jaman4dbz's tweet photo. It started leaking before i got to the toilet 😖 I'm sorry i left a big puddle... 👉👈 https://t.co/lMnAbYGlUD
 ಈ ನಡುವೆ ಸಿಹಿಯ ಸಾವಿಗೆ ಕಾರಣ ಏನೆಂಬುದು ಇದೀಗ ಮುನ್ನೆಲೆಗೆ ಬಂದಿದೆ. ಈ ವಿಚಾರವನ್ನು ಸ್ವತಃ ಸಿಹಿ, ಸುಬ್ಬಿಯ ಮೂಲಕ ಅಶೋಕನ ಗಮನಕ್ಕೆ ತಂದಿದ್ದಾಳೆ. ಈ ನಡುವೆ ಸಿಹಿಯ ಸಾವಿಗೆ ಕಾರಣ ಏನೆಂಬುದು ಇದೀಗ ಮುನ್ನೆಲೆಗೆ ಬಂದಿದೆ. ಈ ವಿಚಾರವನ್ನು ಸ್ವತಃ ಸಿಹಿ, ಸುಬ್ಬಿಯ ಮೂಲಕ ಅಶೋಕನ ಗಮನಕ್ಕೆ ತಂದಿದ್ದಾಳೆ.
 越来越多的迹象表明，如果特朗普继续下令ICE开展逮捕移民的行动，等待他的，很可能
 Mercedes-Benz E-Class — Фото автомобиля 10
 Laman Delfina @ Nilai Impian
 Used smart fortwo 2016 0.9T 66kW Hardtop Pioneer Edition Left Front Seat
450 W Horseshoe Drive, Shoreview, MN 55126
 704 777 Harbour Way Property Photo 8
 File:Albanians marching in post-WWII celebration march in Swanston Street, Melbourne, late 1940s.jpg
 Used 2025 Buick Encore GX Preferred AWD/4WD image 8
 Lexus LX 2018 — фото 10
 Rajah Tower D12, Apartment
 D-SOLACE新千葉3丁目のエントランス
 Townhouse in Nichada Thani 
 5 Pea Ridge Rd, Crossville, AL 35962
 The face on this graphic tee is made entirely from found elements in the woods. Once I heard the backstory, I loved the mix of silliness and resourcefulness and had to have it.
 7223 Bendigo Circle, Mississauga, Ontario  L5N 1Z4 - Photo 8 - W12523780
------------------------------------------------
**Requirement:** Set down nothing but the lines from the one containing "The face on" through the final line above, exactly as written.

**Exercise solution:**
 The face on this graphic tee is made entirely from found elements in the woods. Once I heard the backstory, I loved the mix of silliness and resourcefulness and had to have it.
 7223 Bendigo Circle, Mississauga, Ontario  L5N 1Z4 - Photo 8 - W12523780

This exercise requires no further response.